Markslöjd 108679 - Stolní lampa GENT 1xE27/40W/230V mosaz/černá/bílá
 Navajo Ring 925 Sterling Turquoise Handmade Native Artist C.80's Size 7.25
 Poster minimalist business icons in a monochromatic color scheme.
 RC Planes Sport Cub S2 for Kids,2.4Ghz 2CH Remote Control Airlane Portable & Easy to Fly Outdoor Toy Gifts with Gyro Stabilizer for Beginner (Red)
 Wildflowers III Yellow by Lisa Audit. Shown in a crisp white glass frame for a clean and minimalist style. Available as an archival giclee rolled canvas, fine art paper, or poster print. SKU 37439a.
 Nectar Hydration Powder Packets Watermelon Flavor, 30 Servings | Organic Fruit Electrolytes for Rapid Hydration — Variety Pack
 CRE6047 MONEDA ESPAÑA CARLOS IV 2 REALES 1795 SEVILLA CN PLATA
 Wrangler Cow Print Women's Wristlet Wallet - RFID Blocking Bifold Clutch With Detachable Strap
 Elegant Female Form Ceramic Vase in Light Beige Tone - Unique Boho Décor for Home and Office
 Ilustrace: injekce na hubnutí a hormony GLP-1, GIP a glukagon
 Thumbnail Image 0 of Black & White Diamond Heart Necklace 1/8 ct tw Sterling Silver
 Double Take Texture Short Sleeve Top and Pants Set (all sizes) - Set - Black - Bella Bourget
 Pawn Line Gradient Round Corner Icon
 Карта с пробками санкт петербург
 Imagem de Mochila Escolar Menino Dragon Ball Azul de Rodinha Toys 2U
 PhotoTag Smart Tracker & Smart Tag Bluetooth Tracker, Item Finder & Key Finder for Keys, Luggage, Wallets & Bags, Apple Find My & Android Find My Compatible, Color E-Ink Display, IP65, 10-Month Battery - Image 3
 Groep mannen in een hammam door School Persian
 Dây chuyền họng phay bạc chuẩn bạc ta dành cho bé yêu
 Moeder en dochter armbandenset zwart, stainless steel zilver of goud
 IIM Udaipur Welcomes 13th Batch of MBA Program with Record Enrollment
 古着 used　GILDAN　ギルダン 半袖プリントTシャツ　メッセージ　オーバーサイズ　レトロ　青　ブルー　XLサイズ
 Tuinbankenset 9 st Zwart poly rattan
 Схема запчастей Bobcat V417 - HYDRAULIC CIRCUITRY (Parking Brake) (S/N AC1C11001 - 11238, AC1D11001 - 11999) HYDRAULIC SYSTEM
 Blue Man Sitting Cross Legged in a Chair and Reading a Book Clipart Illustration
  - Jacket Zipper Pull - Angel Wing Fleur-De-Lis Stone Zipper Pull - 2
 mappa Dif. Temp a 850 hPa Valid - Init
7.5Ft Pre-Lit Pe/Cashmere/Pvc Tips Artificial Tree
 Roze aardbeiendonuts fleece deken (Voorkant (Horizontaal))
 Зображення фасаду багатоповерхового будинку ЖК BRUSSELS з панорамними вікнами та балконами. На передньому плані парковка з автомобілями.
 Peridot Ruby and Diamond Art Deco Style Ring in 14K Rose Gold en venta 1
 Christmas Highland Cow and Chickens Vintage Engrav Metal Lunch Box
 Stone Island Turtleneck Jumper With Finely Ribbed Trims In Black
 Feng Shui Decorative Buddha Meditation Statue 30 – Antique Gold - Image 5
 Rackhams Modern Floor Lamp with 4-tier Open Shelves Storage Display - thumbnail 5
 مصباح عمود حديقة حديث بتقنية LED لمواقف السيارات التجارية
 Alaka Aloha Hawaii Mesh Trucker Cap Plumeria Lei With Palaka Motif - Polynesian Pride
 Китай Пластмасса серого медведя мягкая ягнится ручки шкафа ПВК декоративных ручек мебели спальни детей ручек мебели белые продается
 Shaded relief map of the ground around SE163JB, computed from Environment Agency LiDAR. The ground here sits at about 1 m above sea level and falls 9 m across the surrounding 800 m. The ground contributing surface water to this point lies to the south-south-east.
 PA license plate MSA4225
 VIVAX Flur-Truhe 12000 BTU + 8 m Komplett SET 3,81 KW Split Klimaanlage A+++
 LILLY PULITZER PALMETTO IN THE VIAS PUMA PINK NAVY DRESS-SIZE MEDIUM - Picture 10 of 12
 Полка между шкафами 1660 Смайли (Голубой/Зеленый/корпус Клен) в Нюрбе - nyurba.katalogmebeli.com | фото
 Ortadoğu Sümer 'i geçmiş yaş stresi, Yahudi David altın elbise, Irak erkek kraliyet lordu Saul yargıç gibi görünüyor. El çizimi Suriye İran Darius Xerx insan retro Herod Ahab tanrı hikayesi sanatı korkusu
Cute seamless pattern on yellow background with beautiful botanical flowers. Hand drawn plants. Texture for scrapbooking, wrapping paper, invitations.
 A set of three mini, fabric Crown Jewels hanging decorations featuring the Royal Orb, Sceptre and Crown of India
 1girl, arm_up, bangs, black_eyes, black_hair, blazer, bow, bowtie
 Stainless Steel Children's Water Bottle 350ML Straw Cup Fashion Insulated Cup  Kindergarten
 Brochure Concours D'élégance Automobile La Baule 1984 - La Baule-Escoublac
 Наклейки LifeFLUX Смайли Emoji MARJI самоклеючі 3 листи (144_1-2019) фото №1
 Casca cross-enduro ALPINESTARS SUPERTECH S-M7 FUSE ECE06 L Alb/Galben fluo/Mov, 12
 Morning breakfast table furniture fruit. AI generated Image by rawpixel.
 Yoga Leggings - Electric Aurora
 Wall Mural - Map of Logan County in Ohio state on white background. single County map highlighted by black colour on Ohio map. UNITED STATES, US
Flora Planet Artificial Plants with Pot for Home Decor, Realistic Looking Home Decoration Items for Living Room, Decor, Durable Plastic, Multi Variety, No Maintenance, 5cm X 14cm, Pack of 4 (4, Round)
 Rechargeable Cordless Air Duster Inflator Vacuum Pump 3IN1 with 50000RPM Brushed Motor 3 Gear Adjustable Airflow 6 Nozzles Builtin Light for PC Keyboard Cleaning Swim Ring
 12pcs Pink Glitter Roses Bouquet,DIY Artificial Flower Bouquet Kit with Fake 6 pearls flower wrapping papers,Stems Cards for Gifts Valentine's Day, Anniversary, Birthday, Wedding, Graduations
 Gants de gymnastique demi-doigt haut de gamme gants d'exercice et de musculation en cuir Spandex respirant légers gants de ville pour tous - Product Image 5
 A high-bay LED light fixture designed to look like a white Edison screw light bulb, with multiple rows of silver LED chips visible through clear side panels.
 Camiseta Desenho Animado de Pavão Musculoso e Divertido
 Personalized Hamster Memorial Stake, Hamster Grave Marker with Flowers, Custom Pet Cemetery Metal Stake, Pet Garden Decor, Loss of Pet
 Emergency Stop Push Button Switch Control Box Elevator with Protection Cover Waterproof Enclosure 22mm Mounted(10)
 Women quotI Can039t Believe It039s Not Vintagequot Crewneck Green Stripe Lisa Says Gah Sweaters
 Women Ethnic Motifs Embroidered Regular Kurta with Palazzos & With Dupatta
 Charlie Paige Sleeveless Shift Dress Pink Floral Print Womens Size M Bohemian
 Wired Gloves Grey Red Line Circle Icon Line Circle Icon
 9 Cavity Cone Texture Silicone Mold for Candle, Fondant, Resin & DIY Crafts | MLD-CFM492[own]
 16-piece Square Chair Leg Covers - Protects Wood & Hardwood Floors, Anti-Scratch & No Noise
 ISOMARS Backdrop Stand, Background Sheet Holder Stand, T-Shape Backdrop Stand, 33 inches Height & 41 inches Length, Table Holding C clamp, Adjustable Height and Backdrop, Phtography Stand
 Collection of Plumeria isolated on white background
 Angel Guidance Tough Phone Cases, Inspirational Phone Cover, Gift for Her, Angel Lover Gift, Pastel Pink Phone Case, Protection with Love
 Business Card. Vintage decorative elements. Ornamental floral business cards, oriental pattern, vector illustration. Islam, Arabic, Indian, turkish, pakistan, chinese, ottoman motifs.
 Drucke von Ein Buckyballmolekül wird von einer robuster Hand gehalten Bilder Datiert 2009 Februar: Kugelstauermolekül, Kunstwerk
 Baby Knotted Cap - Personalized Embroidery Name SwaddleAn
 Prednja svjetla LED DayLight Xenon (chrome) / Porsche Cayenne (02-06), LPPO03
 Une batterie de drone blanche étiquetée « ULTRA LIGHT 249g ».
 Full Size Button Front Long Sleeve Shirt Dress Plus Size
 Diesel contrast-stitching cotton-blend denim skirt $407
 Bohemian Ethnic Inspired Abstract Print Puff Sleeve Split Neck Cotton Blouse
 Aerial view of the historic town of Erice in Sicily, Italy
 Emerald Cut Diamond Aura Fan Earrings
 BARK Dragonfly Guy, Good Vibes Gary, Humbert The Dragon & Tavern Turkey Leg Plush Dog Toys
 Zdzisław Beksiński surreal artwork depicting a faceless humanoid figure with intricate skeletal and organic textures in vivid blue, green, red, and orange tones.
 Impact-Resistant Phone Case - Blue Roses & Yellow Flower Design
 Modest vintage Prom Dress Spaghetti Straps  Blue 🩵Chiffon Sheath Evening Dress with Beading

▬▬▬▬▬▬▬▬▬▬

Task requirements: Please reproduce, exactly as they appear above, the lines from the line containing "Peridot Ruby and" up to and including the line containing "Китай Пластмасса серого".

Solved problem:
 Peridot Ruby and Diamond Art Deco Style Ring in 14K Rose Gold en venta 1
 Christmas Highland Cow and Chickens Vintage Engrav Metal Lunch Box
 Stone Island Turtleneck Jumper With Finely Ribbed Trims In Black
 Feng Shui Decorative Buddha Meditation Statue 30 – Antique Gold - Image 5
 Rackhams Modern Floor Lamp with 4-tier Open Shelves Storage Display - thumbnail 5
 مصباح عمود حديقة حديث بتقنية LED لمواقف السيارات التجارية
 Alaka Aloha Hawaii Mesh Trucker Cap Plumeria Lei With Palaka Motif - Polynesian Pride
 Китай Пластмасса серого медведя мягкая ягнится ручки шкафа ПВК декоративных ручек мебели спальни детей ручек мебели белые продается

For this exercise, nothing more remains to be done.